Fans got little out of a women’s six as Alycia Baumgardner, 130 ¼, Fremont, OH, 7-1 (5), got rid of non-competitive Gabriella Mezei, 128 ¼, Covasna, Romania, 9-18-5 (3), in 1:08 of the first of six. A right to the kidney that didn’t look anything more than a routine body shot had Mezei collapsing to her knees. Baumgardner opened up for the KO and the underdog looked like she just wanted to get out of there in time to watch Jimmy Fallon. This time, a HARD right banged her kidney and she doubled over is if in pain without going all the way to the canvas. Riskus mercifully stopped it.
Another import who looked like he didn’t want to miss the last train was Ramiro Robles, 124 ¼, Querétaro, MX, 15-9-2 (9), who got stopped by promising Raeese Aleem, 124 ½, LV, 14-0 (8), in 1:51 of the first, scheduled eight. The underdog tried to come over the top with a left hook but was beaten to the punch by a short inside right and dropped. An accumulation of blows topped by a left-right felled him a second time, and finally a thudding right to the ribs dropped him and Benjy called a TKO.
Fans loved a brief but exciting shootout between ticket-seller Ryan Umberger, 158 ¼, the only fighter ever out of Chestnut Hill, Phila., 2-0 (2), blasted out Daryl Fenton, 160, London, Eng., via Wash., DC, 1-5-1, in 1:34 of the first, scheduled four.
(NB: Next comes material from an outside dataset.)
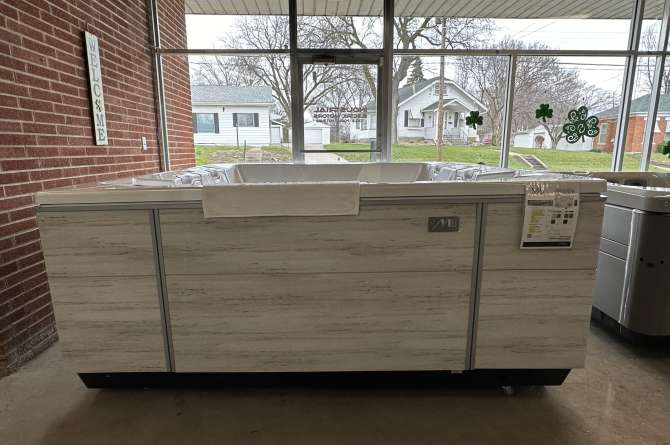 Bullfrog M8 spa being showcased in an indoor showroom with a front facing view.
The bigger visitor came out purposefully and looked menacing, stalking flat footed. The southpaw local favorite moved back but suddenly dropped Fenton as he walked straight into a sharp, straight left. With fans going crazy, Umberger went wild and battered the stricken Fenton into a neutral corner and down under a two-handed barrage capped by another solid left. The underdog gamely struggled up using the turnbuckle for leverage, but ref Riskus thought better of it and stopped the contest.
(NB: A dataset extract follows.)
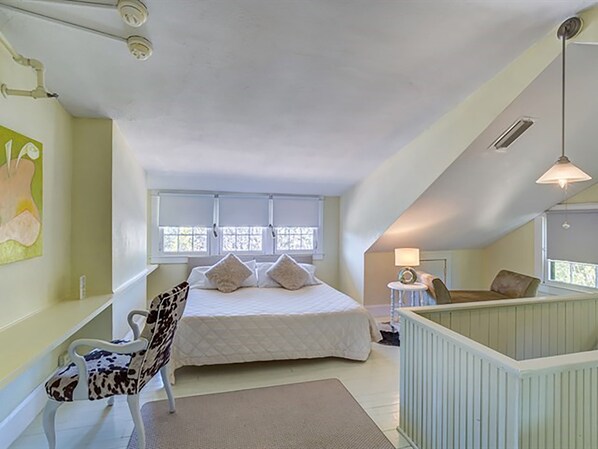 Une chambre à coucher avec un lit, une chaise, un bureau et une fenêtre.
Promising Paul Kroll, 146 ¼, Phila., 3-0 (3), got rid of a dangerous opponent surprisingly quickly, stopping Vincent Floyd, 147 ½, Phila., 4-7-1 (2), in 2:27 of the first of six. The stocky amateur standout Kroll against the lanky and experienced southpaw Floyd promised to be a hard struggle either way. But after some good back and forth, Kroll came out of an exchange with a solid right, sending Floyd rocking back onto the ropes. Vincent tried to use his height to lean away against a barrage, but was getting tagged until Benjy pulled the plug over his protest.
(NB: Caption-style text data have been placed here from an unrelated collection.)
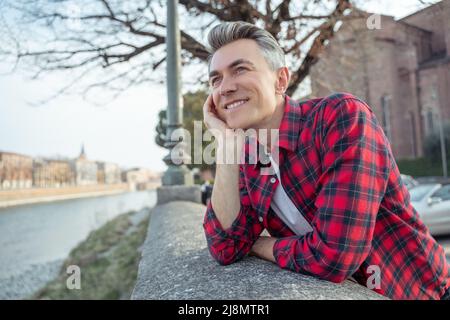 Man standing on embankment leaning on hand Stock Photo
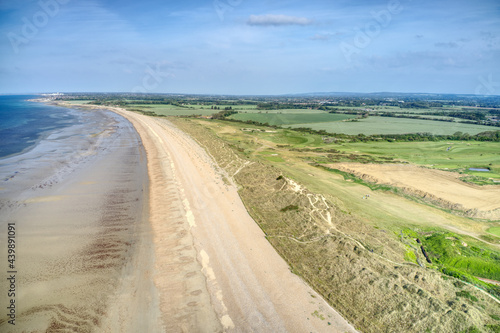 Aerial view of West Beach at Littlehampton with the sand dunes protecting the links golf course and the beautiful West Sussex countryside.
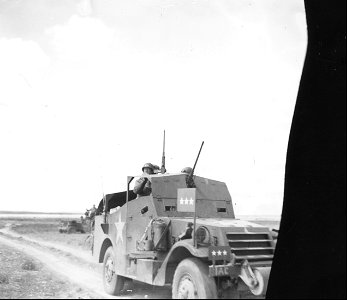 SC 171647 - Lt. Gen. George Patton, commander of II Army Corps, in half-track personally directing toward Gabes, Tunisia, and and south of [illegible], Tunisia. 30 March, 1943. photo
The opening four was the only upset, as Hector Mercado, 155 ¼, Veracruz, MX, 3-10, gained a majority decision over LaQuan Evans, 154 ¼, Phila., 1-1, in a good, rugged, and close battle. The visitor clearly took the first two as he charged flat-footed and swarmed all over the confused and retreating local favorite. In the third, the lanky LaQuan began to get some range to get off with punches before Hector could swarm inside, and the contest appeared to be changing. But in the decisive final round, both were getting arm weary under the heated pace and while it was close, Mercado was making the fight. Robert Rubnitz had it a draw, 38-38, while LaRosa scored 39-37 and Gradowski had a shutout.